Texto baseado no relato de acontecimentos, mas contextualizado a partir do conhecimento do jornalista sobre o tema; pode incluir interpretações do jornalista sobre os fatos.

Confusão e briga de egos na Disney devem esquentar com resultados ruins

Crescimento do Disney+ decepciona mercado - Imagem: Mika Baumeister/Unsplash
Crescimento do Disney+ decepciona mercado Imagem: Imagem: Mika Baumeister/Unsplash
Guilherme Ravache

Guilherme Ravache é consultor digital. Jornalista com passagens pelas redações da Folha de S. Paulo, Revista Época e Editora Caras. Foi diretor de atendimento da Ideal H+K Strategies e gerente sênior de comunicação e marketing de relacionamento da Diageo.

Colunista do UOL

13/05/2021 20h38

Resumo da notícia

  • Em meio às notícias de crescentes disputas internas, Disney divulga resultados com prejuízo em parques e desaceleração do Disney+
  • O lendário CEO Bob Iger está de saída e em seu lugar entrará Bob Chapek; os dois executivos não se entendem e há uma guerra de egos entre executivos
  • Uma reorganização das lideranças tinha o objetivo de integrar as equipes, mas gerou confusão dentro e fora da empresa
  • Analistas afirmam que a empresa deveria se desfazer dos negócios de TV tradicional, vendendo a ESPN e a ABC
  • A Netflix também sofreu com a desaceleração do número de novos assinantes no início deste ano

A Disney anunciou nesta quinta-feira seus resultados operacionais de seu segundo trimestre fiscal. E as notícias não foram boas. A empresa adicionou apenas 8,7 milhões de assinantes ao Disney +, encerrando o trimestre com 103,6 milhões de assinantes, em comparação com 94,9 milhões em 2 de janeiro. Analistas esperavam 109,3 milhões de assinantes.

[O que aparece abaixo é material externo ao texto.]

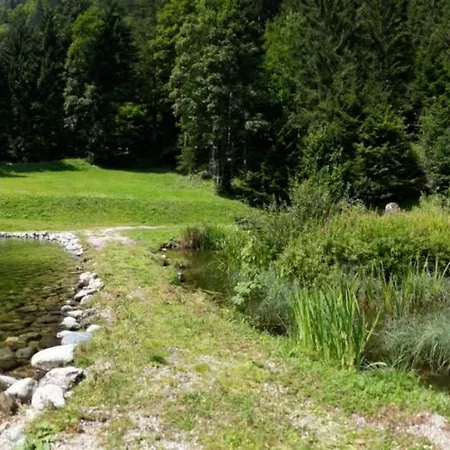 Appartement Alpklang Untertauern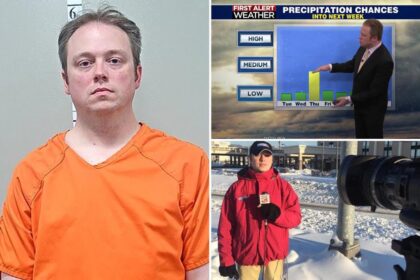 Former TV weatherman Josh Fitzpatrick accused of secretly filming sex tape and threatening to release it
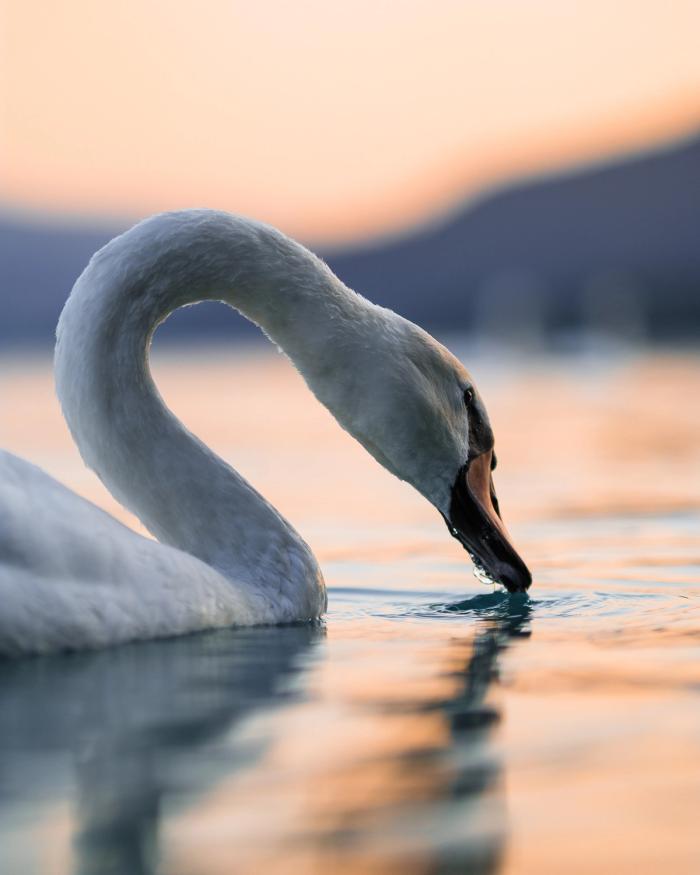 swan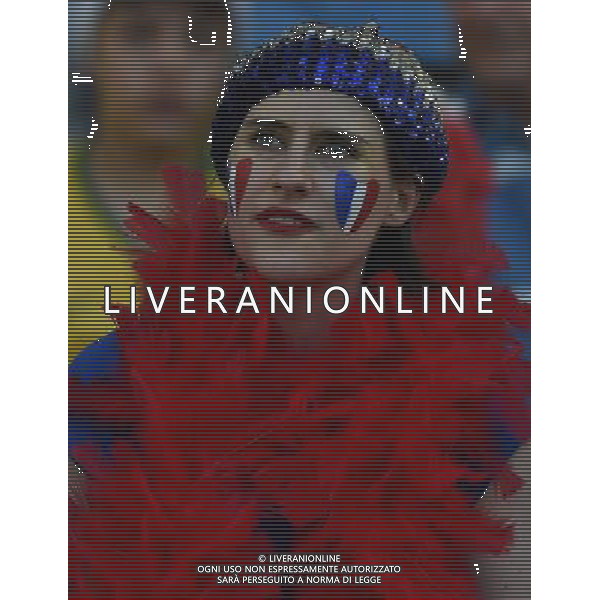 FIFA World Cup Brasile 2014 Gruppo E Rio de Janeiro - 25.06.2014 Ecuador-Francia Nella Foto:Tifosi Francia /Ph.Vitez-Ag. Aldo Liverani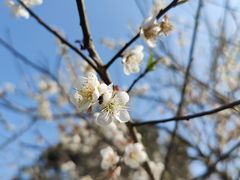 -马峦山郊野公园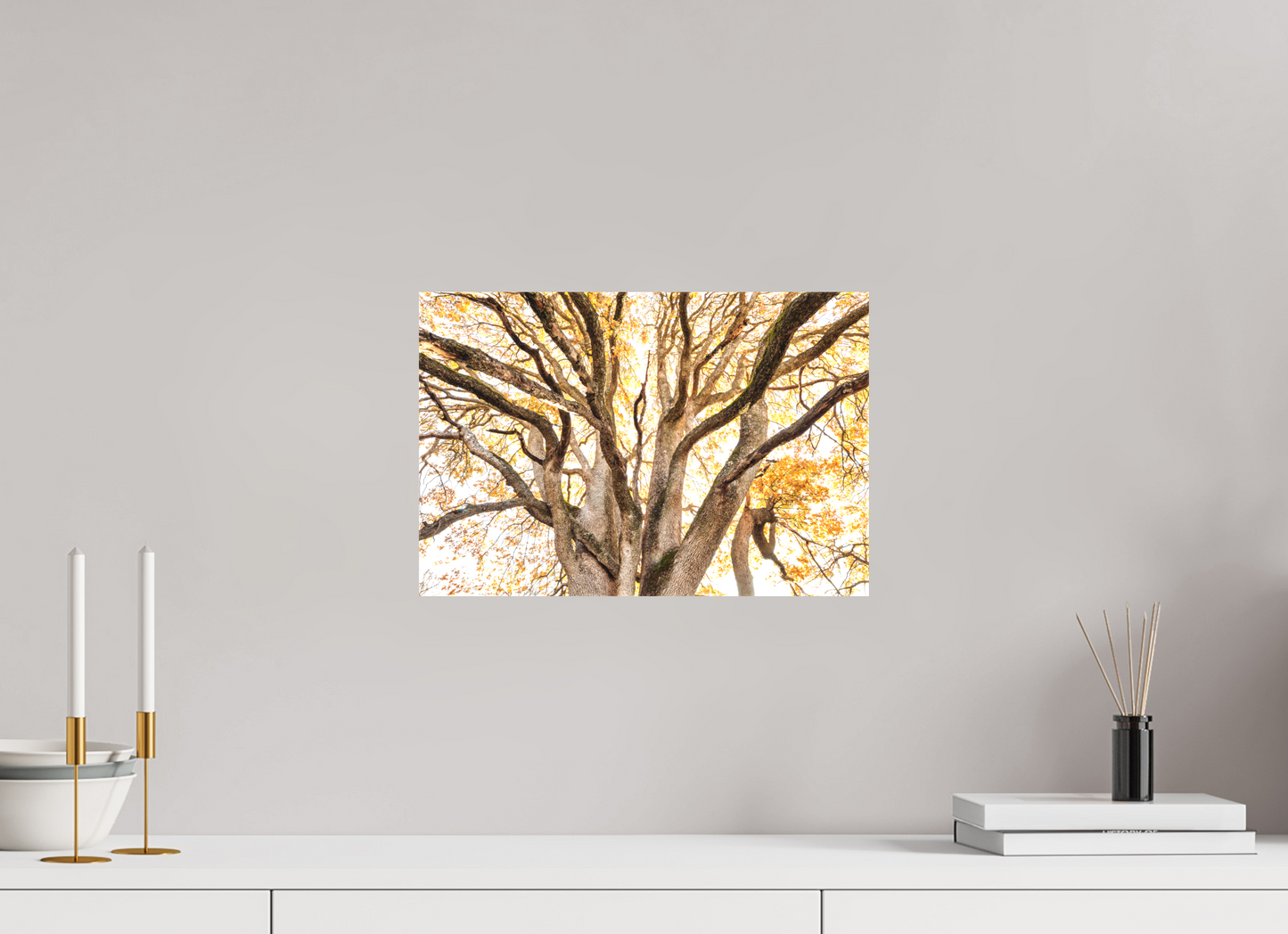 15 x 10″, Matte Canvas on Stretcher Frame Bathed in Light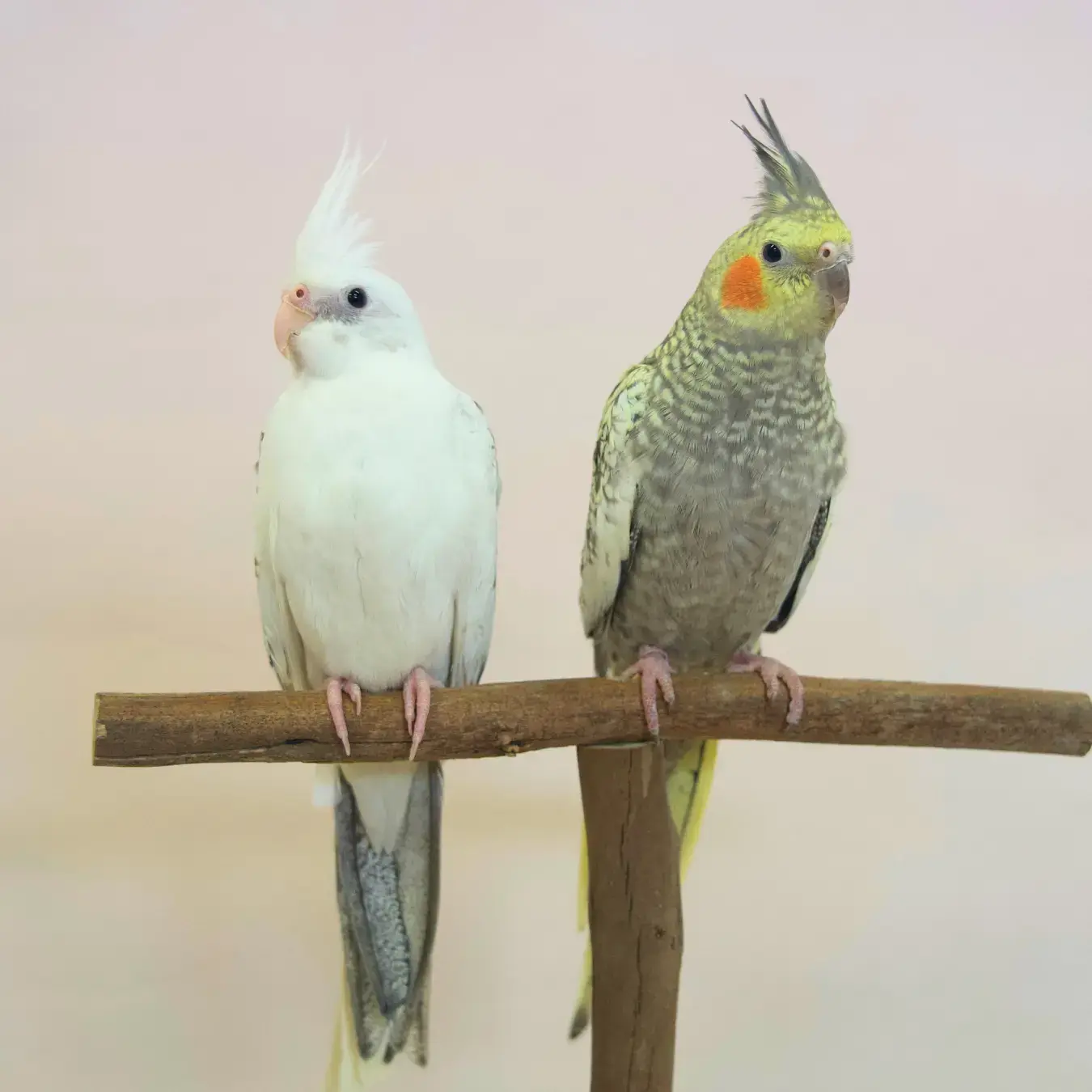 Hand-Raised Cockatiels Kellyville Pets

Já no segmento de parques houve prejuízo operacional. A pandemia forçou atrações da Disney e resorts da empresa a seguirem fechados ou operando com capacidade reduzida. A queda de receita em comparação com o ano anterior foi de 44%. Essa divisão relatou um prejuízo de US$ 406 milhões.

Em geral, a receita total da Disney caiu 13% em relação ao mesmo período de 2020, ficando em US$ 15,61 bilhões. A expectativa do mercado era um número próximo a US$ 16 bilhões.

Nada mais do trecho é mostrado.